A proper Release build would enable optimizations, where the compiler will minify code, renaming variables and changing many human-readable blocks to obtuse Boolean statements. Code comments are also lost.

But can you reverse engineer this code and understand it? Yes, with enough time. But you can usually make any small tweaks you want, and recompile, in mere minutes.

Now enters Obfuscators. These compiling tools really mix up code, moving around logic blocks, variable names, and so on. Their purpose is to make code reverse-engineering more difficult. Nonetheless, you can still decompile them, make any small change if you can manage to figure it out, and then recompile.

Now enters code signing, you’ve create a new DLL but you lack the signing keys of the original so you can’t just drop it in under an exe, it demands trust. So you just recompile the exe itself, and run a stack of bootleg compilations.

Anyways, go get JetBrains DotPeek and decompile some of your video game files, you’ll be surprised what you get. Now if the game was written in C/C++ there’s no hope. We’re talking about .Net C#, but that’s most Unity games.

Anonymous 0 Comments

Programmers write in “high-level” languages where one step does a lot. Computers work in very low-level languages, where one step does a tiny thing. There’s software that translates what the programmers said into a program the computer can understand. And that program is what’s actually on the computer, not what the programmer originally wrote.

By analogy, let’s say I told you “put your shoes on, go down to Jimmy’s house and put this letter in his mailbox, then come back” — that might be the “source code.” The “object code” would be closer to “look down. Is your shoe there? If it is, then go to the part of the instructions where we tell you to put it on. Look to the left. Is your shoe there? If it is…. [60 pages later] bend your left knee. move your left leg forward. Extend your left knee. Bend your right knee….. Look to the left. Are you at Jimmy’s House? If not, then go back to the left knee part.” You might be able to look at the first part and realize “Oh, this is just looking for your shoes.” But, that process takes a lot of time and thinking — there’s software that can help with it, but it’s still mostly a manual process.

Anonymous 0 Comments

It’s compiled down to a binary file (executable) before it’s published to your computer. Your computer only has the final product.

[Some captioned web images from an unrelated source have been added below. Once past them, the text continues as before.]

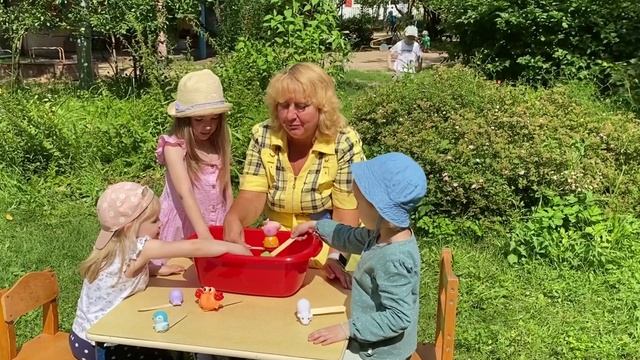 Игры детей с водой летом, ГБОУ Школа 1598 смотреть онлайн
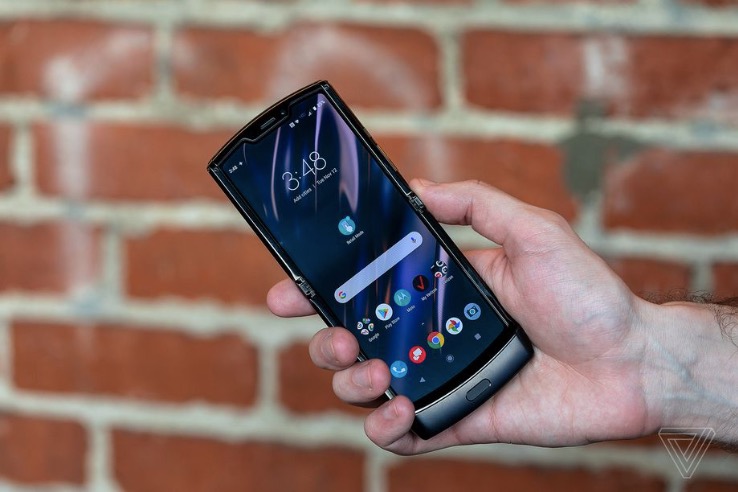 摩托羅拉由于高需求而略微推遲了Razr的預定和發布時間-鋒巢網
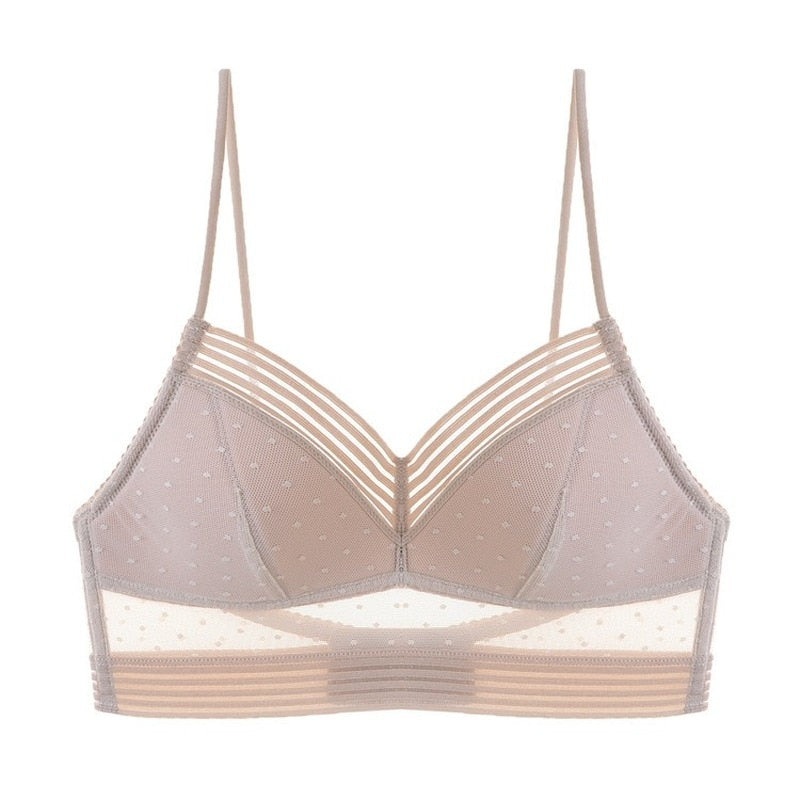 "Soutien-gorge invisible dos-nu beige, design en U, sans armatures, idéal pour tenues estivales dos-nu, confort optimal."
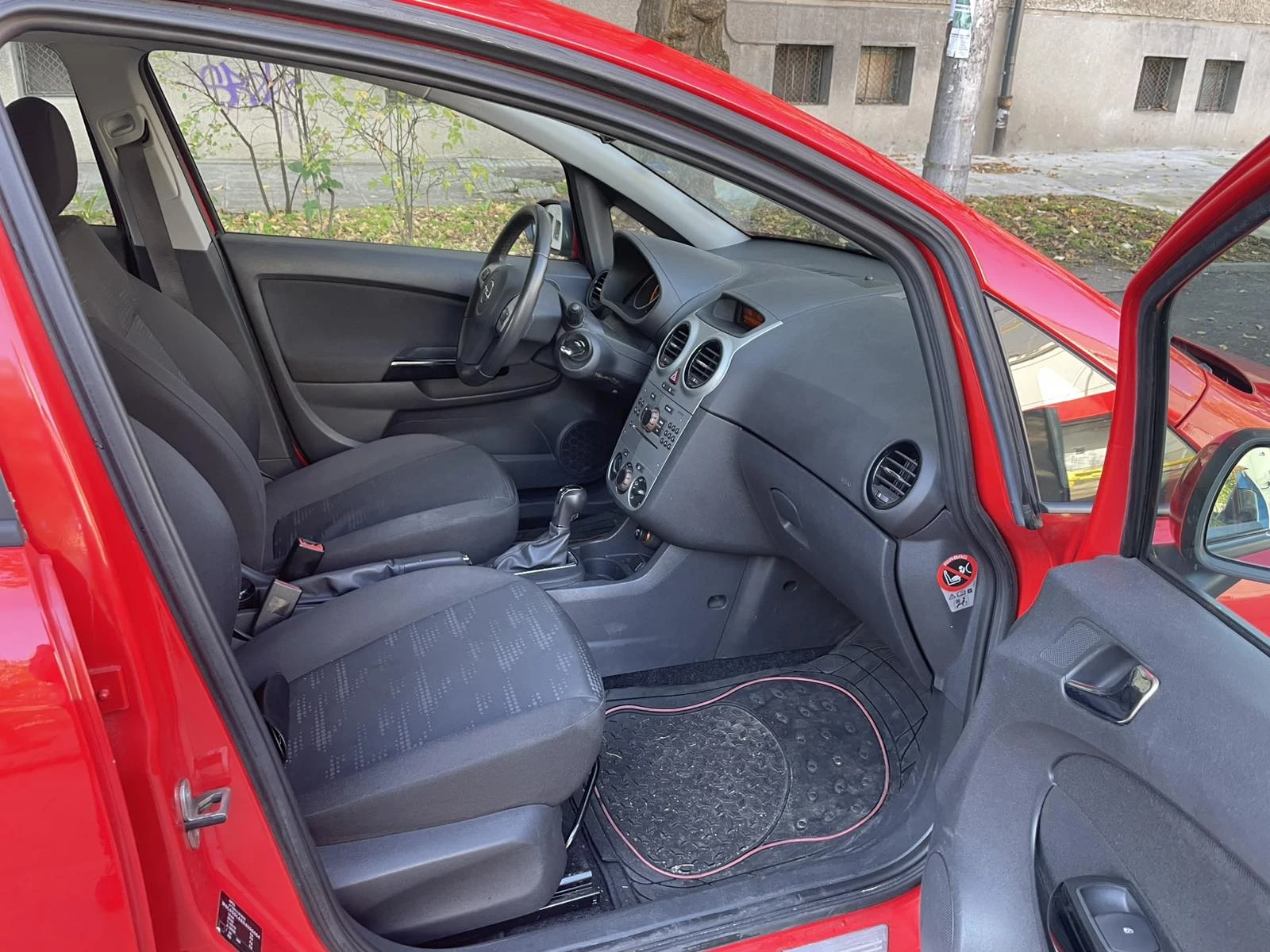 Opel Corsa OPEL CORSA_71 800км_АВТОМАТИК_първи собственик - изображение 10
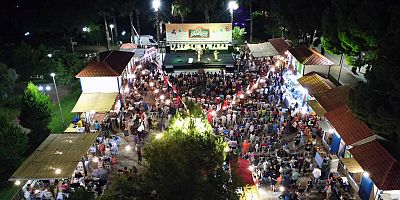 Mavi Beyaz Akdeniz Köyü’nde nostaljik eğlence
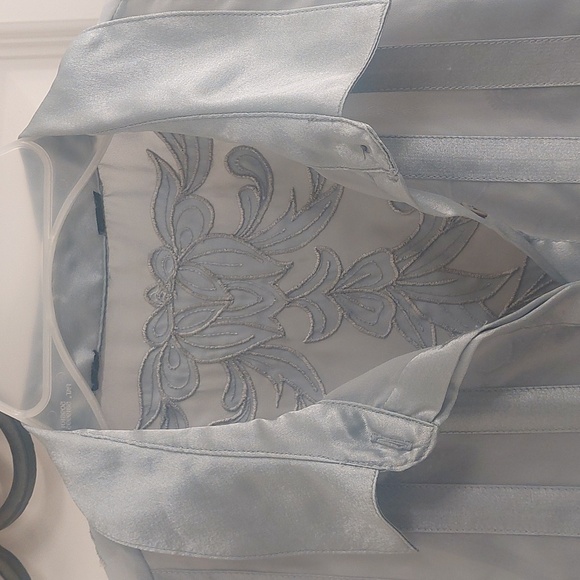 Designer top - Picture 2 of 5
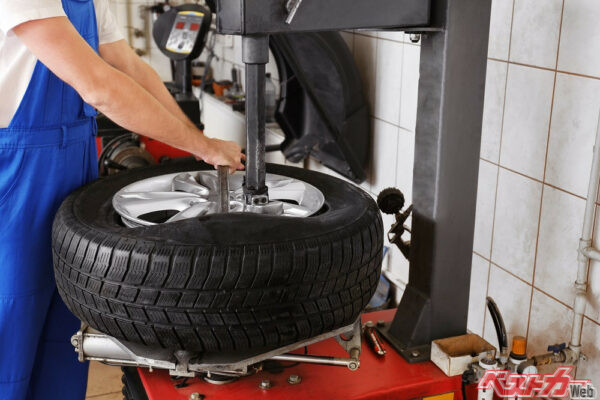 タイヤを1本だけ新品にするとタイヤの溝に差が生じてしまうため、ハンドルが左や右にとられたり運転に支障は出ないのだろうか（Africa Studio＠Adobe Stock）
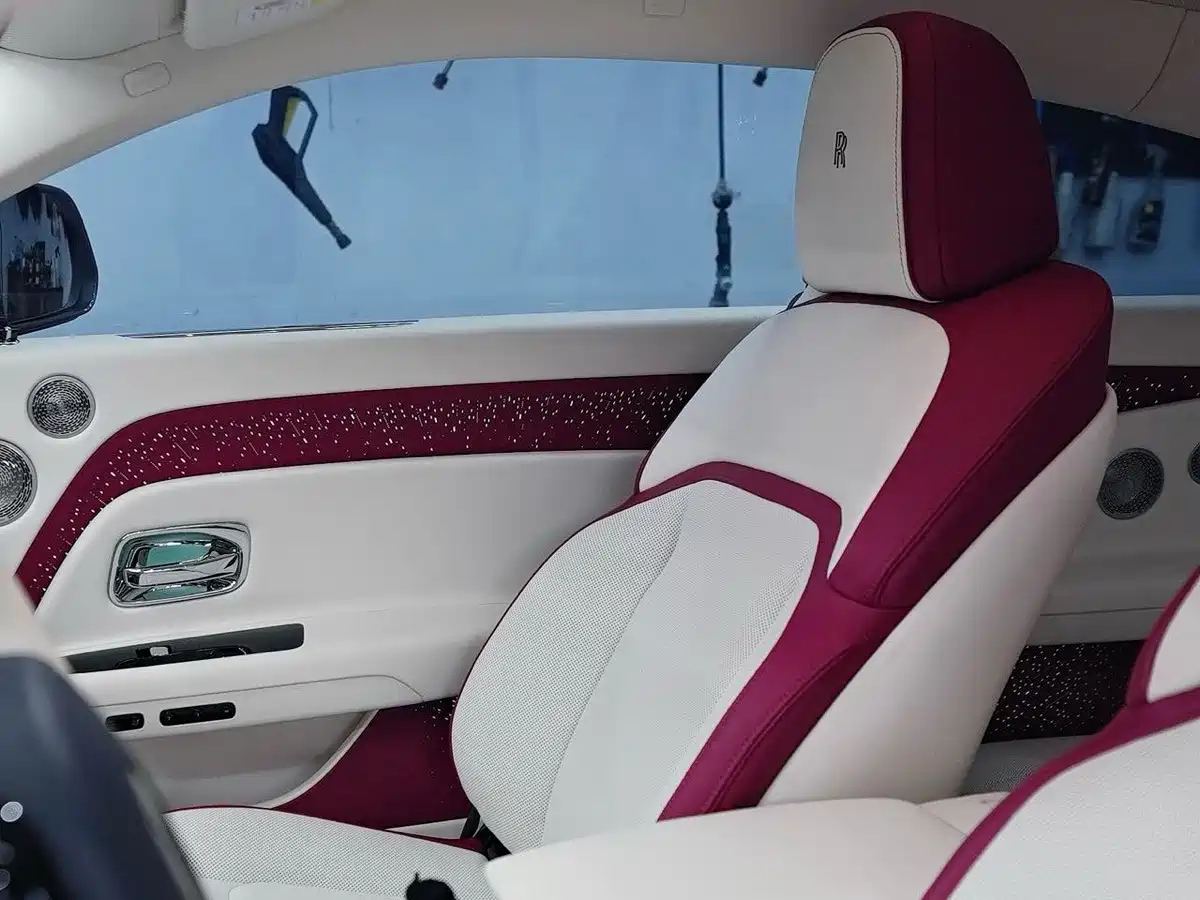 Фото 8 - Rolls-Royce Spectre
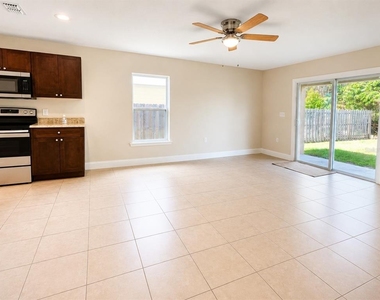 642 Heraldo Court - Photo Thumbnail 3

To get the source, you would have to convert the binary back to assembly code, then convert the assembly code back to the high level language from whence it came (like C), keeping in mind that the compiler may have optimized the original source code in the first place. You can do this with a publicly available product called Ghidra, but since it doesn’t know variable names, you’d have to sift through the decompiled code and rename all the variables and rebuild all the structs as you begin to understand it.

It’s fun.

Anonymous 0 Comments

There have been some really good analogies but I want to give a bit more insight… might be slightly ELI10:

Code is just human readable instructions. But the process of “compiling” code is converting those human readable instructions into machine readable instructions. And it’s really tough to understand those machine readable instructions because it’s just 0s and 1s.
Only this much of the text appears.